La Croce è riportata a Gerusalemme (L). Parete di sinistra, lunettone in alto. Eraclio, con un corteo, restituisce la Croce alla città santa affinché sia riposta nel suo luogo originario. L’imperatore non imbraccia la Croce, come avrebbe fatto il Cristo, ma la porta come un vessillo processionale, in un rito di culto semplice e antico. Eraclio (che è anche Costantino) è circondato da figure vestite come i padri della Chiesa orientale, quelli che Piero da giovane aveva visto riuniti a Firenze in occasione del Concilio del 1439 e che rivede a Mantova nel 1459. Gli italiani, i fiorentini i mantovani, probabilmente rimasero attoniti nel vedere sfilare lungo le strade delle loro città questi strani personaggi vestiti con caffettani e manti preziosi, che portavano copricapi inverosimili, fiancheggiati da servi mori e mongoli e accompagnati da cammelli ricoperti con lussuose gualdrappe. L’immaginazione di Piero dovette rimanere così colpita da questi personaggi che continuerà a raffigurarli per anni nei suoi dipinti. Si deve notare che ancora una volta il nostro pittore è attentissimo nel sottolineare, attraverso i costumi e i personaggi, l’attualità delle scene che dipinge su queste pareti, messe così in relazione con gli avvenimenti contemporanei che scuotevano la cristianità. Dal punto di vista cromatico sono spuntati di nuovo rosa tenui, bianchi cangianti –con un’incredibile varietà di sfumature-, e sempre si respira un’atmosfera di grande sacralità. Il grande ciclo, che si era aperto con l’urlo della disperazione umana di fronte al primo apparire della morte, si chiude alla fine nel rituale solenne d’una ritrovata serenità, di una distesa pace spirituale.

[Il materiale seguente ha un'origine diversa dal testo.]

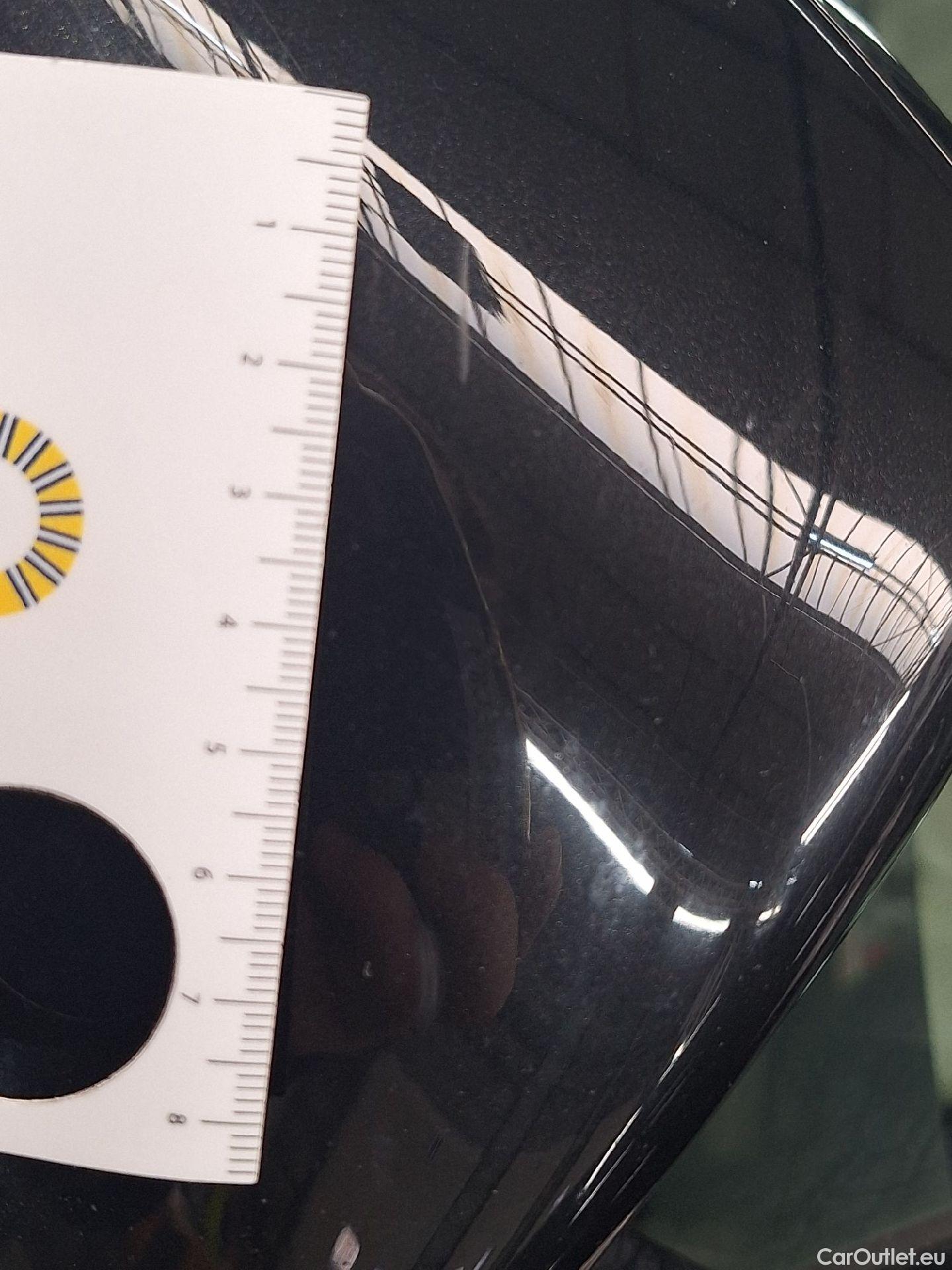  Bmw  Serie 2 BMW, 2-serie Gr.Coupé '19, BMW 2 Reeks Gran Coupé 216dA (85kW) 4d #72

Conclusione. Roberto Longhi aveva visto giusto: il valore eccezionale di Piero è stato quello di aver congiunto nel Quattrocento le esperienze artistiche fiamminghe con quelle toscane e di aver creato così un’unità espressiva profonda –diffondendola nelle corti dell’Italia centro-settentrionale (Urbino, Rimini, Ferrara)-, un’unità che si può quasi definire nazionale italiana (ancor prima di Michelangelo e Raffaello nella Roma papale dei primi del ‘500) e che si rispecchierà poco dopo nelle opere del veneziano Giovanni Bellini e del siciliano Antonello da Messina. Negli ultimi anni della sua vita Piero della Francesca divenne cieco. Marco Longaro, fabbricante anziano di lanterne di Sansepolcro, ricordava che “quando era piccolo, menava per mano mastro Piero di la Francesca, pittore eccellente, ch’era accecato”. Piero morirà, per una curiosa e singolare circostanza, il 12 ottobre 1492, il giorno in cui Cristoforo Colombo toccava il suolo del continente americano. Sei mesi prima, l’8 aprile, era morto a Firenze Lorenzo de’ Medici, detto il Magnifico. L’Italia si apriva alle invasioni straniere che l’avrebbero devastata e asservita per secoli.